Ralentissons le rythme !

Alexandre Drouillard, le directeur de la création d’ici Barbès, explique pourquoi les marques devraient prendre la parole moins souvent qu’elles ne le font aujourd’hui

Quels sont aujourd’hui les éléments indispensables pour qu’un contenu « parle » véritablement aux gens et fasse émerger une marque, un message ou une cause ?

Je vois trois éléments indispensables : l’histoire que l’on raconte, la qualité de l’exécution et la rareté.

Je suis convaincu qu’il n y a pas de bonne campagne sans une belle histoire à raconter. Comme pour une chanson que l’on aime, il faut qu’on ait l’impression que la campagne a été écrite pour nous, qu’on la ressente émotionnellement dès le premier contact.

La qualité de l’exécution est un deuxième élément indispensable. Aujourd’hui, l’internaute lambda scrolle 90 mètres de contenus par jour… Pour que son doigt s’arrête sur l’image, il faut que l’exécution de cette dernière soit exceptionnelle.

Enfin, la rareté… On parle tous tout le temps. C’est comme si on se trouvait dans une pièce fermée où toutes les personnes parlaient en même temps sans s’arrêter. Qui est en mesure d’écouter dans une telle situation ? Le brand content et la publicité doivent arrêter cette course effrénée au contenu et se concentrer sur la diffusion du bon message un peu moins souvent. Cela nous libérerait du temps et du budget pour faire des choses bien plus qualitatives. Il est vrai que l’on est tenté de continuer de faire comme ses voisins : poster tout le temps et à grande vitesse. Mais je crois vraiment que la rareté crée de la valeur pour le contenu de marque. Il faut par conséquent parler moins, réfléchir plus et bien choisir ses temps de parole.

Vous avez parlé à la fois de publicité et de brand content.
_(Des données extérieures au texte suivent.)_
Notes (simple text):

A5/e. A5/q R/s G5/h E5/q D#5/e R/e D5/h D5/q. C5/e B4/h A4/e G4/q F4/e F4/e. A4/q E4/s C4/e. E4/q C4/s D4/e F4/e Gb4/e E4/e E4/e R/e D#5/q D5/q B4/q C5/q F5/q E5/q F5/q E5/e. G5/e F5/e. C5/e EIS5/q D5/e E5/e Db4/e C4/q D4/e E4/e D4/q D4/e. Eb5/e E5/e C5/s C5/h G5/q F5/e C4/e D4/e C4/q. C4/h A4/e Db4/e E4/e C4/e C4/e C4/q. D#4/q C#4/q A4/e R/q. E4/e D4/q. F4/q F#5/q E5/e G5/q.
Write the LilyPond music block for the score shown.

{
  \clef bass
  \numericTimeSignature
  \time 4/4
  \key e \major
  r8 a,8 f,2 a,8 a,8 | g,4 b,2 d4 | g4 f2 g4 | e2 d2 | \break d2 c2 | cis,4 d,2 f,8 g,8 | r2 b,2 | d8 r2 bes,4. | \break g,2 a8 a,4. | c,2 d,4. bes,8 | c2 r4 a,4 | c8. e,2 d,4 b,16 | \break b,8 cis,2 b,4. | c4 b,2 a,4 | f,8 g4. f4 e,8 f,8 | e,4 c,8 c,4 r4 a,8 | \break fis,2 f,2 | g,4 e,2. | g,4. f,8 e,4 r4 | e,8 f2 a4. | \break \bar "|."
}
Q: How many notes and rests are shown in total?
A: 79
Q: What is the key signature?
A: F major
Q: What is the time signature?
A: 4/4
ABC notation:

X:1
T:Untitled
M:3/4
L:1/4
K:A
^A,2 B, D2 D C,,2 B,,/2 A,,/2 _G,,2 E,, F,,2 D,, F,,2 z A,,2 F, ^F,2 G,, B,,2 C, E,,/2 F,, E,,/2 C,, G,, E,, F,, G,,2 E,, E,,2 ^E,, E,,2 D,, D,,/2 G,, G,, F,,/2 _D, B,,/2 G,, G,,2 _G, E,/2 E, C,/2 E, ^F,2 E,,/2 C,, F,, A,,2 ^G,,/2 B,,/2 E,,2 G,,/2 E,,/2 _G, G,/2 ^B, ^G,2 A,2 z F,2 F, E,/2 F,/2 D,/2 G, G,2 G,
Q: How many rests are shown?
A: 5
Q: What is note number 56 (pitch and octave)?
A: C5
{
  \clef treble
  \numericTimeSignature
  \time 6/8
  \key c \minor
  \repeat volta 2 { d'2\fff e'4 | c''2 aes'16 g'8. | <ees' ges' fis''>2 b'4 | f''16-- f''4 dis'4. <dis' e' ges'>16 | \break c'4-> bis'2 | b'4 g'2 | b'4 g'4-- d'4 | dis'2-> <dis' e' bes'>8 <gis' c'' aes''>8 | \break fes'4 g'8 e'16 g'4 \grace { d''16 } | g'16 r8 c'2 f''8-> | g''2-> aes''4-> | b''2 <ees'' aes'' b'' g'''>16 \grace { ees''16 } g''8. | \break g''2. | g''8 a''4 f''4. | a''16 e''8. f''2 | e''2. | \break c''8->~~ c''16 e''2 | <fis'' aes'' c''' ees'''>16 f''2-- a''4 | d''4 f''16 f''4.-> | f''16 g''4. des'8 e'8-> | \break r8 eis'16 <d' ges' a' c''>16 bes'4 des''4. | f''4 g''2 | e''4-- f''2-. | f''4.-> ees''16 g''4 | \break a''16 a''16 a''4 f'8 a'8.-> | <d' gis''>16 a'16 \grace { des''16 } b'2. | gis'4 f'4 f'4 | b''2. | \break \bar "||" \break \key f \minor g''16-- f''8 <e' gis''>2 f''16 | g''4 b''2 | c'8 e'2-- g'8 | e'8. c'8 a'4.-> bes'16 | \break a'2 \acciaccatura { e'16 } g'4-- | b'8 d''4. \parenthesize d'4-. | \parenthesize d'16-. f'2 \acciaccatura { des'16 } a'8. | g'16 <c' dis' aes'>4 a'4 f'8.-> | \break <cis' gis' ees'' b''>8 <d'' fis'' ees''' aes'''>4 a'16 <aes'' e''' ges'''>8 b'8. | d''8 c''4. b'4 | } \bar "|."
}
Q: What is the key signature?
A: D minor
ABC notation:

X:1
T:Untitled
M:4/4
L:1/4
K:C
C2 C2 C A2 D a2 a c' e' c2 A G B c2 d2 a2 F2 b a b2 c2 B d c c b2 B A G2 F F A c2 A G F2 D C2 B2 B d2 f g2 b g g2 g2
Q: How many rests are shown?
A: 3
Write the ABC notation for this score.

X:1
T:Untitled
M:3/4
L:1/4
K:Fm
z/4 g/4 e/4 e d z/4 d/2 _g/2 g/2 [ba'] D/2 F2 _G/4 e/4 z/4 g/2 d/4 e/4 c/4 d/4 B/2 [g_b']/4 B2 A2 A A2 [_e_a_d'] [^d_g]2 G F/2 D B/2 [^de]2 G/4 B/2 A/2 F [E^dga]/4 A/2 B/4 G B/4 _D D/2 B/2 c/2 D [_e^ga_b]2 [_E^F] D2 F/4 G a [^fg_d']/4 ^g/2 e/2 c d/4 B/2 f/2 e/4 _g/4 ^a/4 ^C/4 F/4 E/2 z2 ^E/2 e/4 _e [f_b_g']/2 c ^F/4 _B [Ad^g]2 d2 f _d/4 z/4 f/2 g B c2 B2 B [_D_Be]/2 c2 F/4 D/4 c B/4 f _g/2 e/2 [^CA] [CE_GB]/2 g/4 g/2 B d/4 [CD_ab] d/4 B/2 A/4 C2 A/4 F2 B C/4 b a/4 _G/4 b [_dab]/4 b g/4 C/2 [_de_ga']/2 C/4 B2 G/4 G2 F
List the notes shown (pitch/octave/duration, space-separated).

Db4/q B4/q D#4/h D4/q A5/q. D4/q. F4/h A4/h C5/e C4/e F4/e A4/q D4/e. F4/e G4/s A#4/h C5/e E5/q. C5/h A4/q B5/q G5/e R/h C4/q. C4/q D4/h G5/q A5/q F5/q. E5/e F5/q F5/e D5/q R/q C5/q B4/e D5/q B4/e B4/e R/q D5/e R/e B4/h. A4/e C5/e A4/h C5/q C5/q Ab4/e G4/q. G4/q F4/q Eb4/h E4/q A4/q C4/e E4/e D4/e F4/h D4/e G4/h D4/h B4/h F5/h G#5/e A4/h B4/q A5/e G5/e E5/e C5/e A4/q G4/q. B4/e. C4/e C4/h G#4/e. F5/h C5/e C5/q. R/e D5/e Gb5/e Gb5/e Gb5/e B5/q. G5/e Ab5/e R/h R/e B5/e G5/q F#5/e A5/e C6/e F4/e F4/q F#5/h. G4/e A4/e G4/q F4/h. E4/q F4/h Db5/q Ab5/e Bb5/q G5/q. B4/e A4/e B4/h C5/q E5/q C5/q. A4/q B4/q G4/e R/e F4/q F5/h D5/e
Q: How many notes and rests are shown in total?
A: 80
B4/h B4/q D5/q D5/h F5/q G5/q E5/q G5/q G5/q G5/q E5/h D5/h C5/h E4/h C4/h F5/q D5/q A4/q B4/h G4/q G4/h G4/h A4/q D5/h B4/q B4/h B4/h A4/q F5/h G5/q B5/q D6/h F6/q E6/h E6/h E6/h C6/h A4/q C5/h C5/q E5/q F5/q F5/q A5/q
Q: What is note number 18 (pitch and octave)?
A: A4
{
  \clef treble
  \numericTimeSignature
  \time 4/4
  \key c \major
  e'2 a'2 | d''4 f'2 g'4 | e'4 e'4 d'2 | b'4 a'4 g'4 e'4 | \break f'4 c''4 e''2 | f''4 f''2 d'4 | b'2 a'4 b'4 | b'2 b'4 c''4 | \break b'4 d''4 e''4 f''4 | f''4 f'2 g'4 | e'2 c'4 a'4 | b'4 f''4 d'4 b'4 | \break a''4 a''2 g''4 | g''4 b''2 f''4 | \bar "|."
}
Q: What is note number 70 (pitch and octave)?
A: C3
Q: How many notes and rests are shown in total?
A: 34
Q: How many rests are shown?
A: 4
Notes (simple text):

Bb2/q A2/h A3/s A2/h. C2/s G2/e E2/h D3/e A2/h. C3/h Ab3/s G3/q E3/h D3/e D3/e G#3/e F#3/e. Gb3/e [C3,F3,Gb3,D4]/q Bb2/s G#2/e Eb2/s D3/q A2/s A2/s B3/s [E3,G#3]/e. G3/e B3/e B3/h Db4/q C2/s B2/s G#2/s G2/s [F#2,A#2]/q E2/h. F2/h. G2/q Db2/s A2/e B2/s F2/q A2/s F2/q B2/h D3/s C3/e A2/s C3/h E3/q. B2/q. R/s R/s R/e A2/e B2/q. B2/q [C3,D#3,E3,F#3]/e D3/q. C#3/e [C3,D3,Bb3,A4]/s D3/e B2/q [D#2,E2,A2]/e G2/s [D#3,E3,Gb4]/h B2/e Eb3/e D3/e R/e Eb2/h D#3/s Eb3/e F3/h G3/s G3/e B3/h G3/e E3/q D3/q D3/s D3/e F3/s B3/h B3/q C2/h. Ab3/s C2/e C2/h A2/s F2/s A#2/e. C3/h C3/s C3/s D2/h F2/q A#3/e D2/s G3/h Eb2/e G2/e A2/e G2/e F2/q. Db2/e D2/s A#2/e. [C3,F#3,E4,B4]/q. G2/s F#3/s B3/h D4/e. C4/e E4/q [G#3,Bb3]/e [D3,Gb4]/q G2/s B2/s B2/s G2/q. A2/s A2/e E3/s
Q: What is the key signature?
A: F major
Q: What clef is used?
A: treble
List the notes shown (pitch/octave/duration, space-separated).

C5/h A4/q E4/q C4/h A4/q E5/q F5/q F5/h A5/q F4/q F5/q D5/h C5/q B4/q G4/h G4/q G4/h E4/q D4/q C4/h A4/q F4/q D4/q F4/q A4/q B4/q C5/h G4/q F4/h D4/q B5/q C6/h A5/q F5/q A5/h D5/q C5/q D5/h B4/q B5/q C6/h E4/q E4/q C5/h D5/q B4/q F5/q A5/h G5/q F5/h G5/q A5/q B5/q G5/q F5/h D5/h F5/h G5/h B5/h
Qu’est-ce qui les différencie ? 

Le brand content est la publicité douce. C’est moins frontal que la pub. Les consommateurs rejettent aujourd’hui la publicité trop directe. Le brand content permet de créer des contenus associés à des marques mais de manière beaucoup plus subtile.

Vous avez évoqué l’importance de raconter une belle histoire. Or, quand il vient vous voir, l’annonceur a des objectifs précis et pragmatiques. Comment trouver alors cette belle histoire ? 

Dans toute ma carrière, je ne me suis jamais retrouvé face à un client qui n’avait pas des histoires à raconter. Il suffit de l’écouter : il a toujours des choses intéressantes à dire, qu’il ne remarque souvent même plus d’ailleurs.

Quelles contraintes notre réalité multicanale et hyper connectée impose-t-elle aux créateurs ?

Cela nous oblige à être excellents. Il est tout simplement très difficile de concevoir un contenu qui se démarque des autres aujourd’hui. Le « juste bien » ne suffit pas. Beaucoup de gens font du « juste bien ». Pour émerger, il faut être exceptionnel tous les jours.

L’agence doit être excellente mais il faut également que son client ose acheter des idées ambitieuses, avec des partis pris forts.  Même dans la cacophonie dans laquelle nous vivons aujourd’hui, certains contenus arrivent à faire le tour du monde. Cela prouve qu’il existe encore des idées universelles, des grandes idées. Ce qui nous sauve est bien la recherche de la grande idée. C’est le cap que nous devons nous fixer chaque jour. Pour cela il faut savoir accompagner son client et le mettre en confiance.

Notre métier fait partie de la culture populaire. De nombreux slogans publicitaires sont rentrés dans le langage quotidien. Nous avons par conséquent la responsabilité de produire de la qualité pour contribuer à créer cette pop culture. Là encore la notion de rareté prend tous son sens. Qui ne se souvient pas des spots des années 1980, en tout cas ceux qui étaient enfants à ce moment-là ? La raison est qu’il y en avait beaucoup moins.

Pouvez-vous nous donner un exemple récent qui illustre cette excellence ? 

Un court métrage sponsorisé par Dove aux États-Unis [le découvrir ici] a été primé aux Oscars cette année. Dans ce film, Dove met en avant des produits conçus pour les cheveux des afro-américains, mais de manière douce, pas frontale. La manière dont ce film a été relié à la marque est géniale.  L’approche créative et stratégique est excellente : ils ont décroché un Oscar pour une « presque pub », en prenant un chemin de traverse pour faire émerger un contenu spécifique. C’est assez remarquable.

Propos recueillis et édités par Luciana Uchôa-Lefebvre.